Łukasz Gieresz: Bardzo źle weszliśmy we wczorajsze spotkanie, czego konsekwencją był stracony gol po stałym fragmencie. Zagraliśmy słabe spotkanie, na tle dobrze dysponowanego tego dnia zespołu Lublinianki. Ponieślismy pierwszą porazkę w tym roku, nikt nie lubi przegrywać i czujemy złość. Przed Nami próba charakteru w kolejnych spotkaniach. W tej chwili koncentrujemy się już na pojedynku z Huraganem Międzyrzec Podlaski.

Świdniczanka Świdnik – Lublinianka Lublin 1:3 (0:2)

Bramki: Milcz (59) – Tadrowski (6), Paluch (20, 48).

Świdniczanka: Kowalczyk – Kowalski, Pielach, Kursa, Kotowicz, Szymala (75 Orzędowski), Sikora (46 Cielebąk), Sypeń, Zuber, Milcz, Pacek (46 Szczerba). Ponadto w kadrze meczowej Gosik, Kopyciński, Kucybała i Greniuk

Lublinianka: Wójcicki – Zhmuida, Tadrowski, Ptaszyński, Futa, Brzyski (88 Malec), Fularski (62 Chodziutko), Kalita (74 Miśkiewicz), Gomes (75 Niegowski), Makowski, Paluch. Żółte kartki: Sypeń, Szymala, Szczerba.

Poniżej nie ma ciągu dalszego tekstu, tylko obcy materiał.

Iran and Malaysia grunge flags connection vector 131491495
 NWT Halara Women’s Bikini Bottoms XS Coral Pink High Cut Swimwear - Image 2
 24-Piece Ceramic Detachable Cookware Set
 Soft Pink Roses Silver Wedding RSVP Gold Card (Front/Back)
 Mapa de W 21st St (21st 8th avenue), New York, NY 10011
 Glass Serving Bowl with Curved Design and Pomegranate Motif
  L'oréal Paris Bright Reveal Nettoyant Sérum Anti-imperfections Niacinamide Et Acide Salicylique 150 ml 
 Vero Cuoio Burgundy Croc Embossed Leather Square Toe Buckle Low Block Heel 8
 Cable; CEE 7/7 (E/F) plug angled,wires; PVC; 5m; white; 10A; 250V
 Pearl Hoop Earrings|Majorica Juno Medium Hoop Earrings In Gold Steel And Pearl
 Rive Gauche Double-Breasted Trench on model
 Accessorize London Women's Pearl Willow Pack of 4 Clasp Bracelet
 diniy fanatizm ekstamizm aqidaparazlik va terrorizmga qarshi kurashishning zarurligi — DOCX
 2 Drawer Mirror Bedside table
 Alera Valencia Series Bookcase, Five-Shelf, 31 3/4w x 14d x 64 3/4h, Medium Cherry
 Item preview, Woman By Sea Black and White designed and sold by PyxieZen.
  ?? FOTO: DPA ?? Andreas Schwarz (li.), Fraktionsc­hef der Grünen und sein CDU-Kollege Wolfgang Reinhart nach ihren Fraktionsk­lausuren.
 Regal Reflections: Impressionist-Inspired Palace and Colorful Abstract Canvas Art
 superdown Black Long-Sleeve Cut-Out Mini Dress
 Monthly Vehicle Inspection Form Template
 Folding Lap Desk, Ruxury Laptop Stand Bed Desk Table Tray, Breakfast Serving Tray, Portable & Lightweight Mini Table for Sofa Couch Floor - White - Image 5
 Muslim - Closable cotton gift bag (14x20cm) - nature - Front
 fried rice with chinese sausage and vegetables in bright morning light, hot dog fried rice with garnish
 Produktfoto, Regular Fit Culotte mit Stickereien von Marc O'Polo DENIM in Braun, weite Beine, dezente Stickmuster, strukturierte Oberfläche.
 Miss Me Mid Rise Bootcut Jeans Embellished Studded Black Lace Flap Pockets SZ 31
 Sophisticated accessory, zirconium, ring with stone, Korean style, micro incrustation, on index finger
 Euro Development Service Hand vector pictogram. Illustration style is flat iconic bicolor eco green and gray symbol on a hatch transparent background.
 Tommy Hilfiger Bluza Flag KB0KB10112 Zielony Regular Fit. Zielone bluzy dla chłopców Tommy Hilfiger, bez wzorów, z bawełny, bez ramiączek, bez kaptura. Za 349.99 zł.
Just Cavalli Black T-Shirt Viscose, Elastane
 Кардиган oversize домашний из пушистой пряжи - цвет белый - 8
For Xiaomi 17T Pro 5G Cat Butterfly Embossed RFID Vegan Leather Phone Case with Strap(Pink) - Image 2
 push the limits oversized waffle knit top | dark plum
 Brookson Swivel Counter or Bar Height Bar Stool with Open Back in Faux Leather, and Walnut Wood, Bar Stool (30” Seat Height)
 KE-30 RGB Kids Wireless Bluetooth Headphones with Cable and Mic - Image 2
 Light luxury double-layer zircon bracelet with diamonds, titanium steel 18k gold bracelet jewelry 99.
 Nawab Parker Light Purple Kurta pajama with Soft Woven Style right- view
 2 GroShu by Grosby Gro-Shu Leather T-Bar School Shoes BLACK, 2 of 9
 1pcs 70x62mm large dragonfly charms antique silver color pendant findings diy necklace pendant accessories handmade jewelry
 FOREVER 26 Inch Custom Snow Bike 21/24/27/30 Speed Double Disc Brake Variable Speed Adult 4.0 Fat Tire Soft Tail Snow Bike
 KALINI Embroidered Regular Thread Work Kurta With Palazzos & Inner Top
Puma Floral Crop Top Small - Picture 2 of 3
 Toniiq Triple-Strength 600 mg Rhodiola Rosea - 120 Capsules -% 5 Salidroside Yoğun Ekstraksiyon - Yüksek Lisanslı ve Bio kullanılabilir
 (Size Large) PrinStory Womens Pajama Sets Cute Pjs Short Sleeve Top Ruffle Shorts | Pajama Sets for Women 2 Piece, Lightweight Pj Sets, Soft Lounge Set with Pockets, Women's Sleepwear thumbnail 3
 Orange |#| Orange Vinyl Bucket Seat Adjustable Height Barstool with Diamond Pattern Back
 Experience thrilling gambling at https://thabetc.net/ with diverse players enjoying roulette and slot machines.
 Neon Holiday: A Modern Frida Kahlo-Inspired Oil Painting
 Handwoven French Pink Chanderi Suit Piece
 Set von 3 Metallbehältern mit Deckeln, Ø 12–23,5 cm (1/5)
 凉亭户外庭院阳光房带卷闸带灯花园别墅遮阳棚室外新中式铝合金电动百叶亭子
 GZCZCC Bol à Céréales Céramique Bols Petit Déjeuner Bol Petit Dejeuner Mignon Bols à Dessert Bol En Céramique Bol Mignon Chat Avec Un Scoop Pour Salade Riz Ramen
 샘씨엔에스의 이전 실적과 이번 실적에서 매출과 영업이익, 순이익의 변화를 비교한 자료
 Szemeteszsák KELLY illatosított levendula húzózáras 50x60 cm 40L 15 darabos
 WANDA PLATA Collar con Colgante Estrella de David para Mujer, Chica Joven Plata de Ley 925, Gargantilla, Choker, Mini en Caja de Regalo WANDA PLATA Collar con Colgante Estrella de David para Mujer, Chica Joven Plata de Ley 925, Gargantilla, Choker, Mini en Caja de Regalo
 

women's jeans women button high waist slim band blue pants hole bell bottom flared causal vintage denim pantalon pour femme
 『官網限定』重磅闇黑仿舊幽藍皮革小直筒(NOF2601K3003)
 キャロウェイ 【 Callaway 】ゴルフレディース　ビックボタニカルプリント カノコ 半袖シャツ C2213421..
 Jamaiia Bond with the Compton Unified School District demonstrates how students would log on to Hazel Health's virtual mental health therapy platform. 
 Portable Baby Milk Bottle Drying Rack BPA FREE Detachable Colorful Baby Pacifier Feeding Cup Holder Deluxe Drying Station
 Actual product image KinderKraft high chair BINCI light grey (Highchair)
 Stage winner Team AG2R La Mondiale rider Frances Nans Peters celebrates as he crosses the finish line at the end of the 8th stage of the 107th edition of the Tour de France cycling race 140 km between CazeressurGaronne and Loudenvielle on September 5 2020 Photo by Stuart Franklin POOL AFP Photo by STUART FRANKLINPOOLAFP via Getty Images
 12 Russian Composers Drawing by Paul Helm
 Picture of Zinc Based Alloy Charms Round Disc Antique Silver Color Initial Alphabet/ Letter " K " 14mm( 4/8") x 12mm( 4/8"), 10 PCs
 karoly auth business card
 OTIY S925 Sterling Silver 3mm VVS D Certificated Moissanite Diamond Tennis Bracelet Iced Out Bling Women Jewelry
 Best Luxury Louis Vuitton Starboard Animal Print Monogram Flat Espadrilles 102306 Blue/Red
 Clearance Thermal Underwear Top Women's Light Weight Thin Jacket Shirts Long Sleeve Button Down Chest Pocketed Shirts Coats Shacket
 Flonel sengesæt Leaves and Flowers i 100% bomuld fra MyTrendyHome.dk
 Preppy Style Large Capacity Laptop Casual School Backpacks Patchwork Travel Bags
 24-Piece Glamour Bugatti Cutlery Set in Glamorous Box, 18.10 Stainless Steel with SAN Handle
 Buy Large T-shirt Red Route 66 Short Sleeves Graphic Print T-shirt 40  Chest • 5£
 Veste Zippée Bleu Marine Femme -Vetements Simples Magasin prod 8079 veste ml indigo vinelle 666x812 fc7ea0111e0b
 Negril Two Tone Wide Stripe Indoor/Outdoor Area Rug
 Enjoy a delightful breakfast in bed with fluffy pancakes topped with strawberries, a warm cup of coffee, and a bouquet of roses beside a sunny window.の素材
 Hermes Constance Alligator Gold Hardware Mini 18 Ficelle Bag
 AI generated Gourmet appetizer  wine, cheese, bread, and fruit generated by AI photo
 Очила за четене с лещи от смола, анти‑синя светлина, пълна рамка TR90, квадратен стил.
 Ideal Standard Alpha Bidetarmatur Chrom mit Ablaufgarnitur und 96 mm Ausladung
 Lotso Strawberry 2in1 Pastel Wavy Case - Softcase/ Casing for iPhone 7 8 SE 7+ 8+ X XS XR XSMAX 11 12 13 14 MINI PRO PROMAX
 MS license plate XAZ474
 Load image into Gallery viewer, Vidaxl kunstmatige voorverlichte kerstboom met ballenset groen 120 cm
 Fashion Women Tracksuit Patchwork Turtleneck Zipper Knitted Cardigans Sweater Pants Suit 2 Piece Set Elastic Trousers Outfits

Kursa – Brzyski, Futa, Miśkiewicz.

Czerwona kartka: Miśkiewicz (Lublinianka, 90 min, za drugą żółtą).

Sędziował: Arkadiusz Wróbel (Biała Podlaska).

Zdjęcia ze spotkania już na naszej stronie FB - Nyku.foto.

W ten sposób po 7 miesiącach dobiegła końca piękna seria 14 kolejnych zwycięstw naszego zespołu. Każda seria kiedyś się kończy, a porażki wkalkulowane są oczywiście w sport. Czy porażka z Lublinianką to tylko słabsza dyspozycja dnia? Odpowiedź na to pytanie uzyskamy zapewne już w najbliższą sobotę, kiedy to rozegramy w Międzyrzecu Podlaskim, kolejny mecz ligowy z miejscowym Huraganem.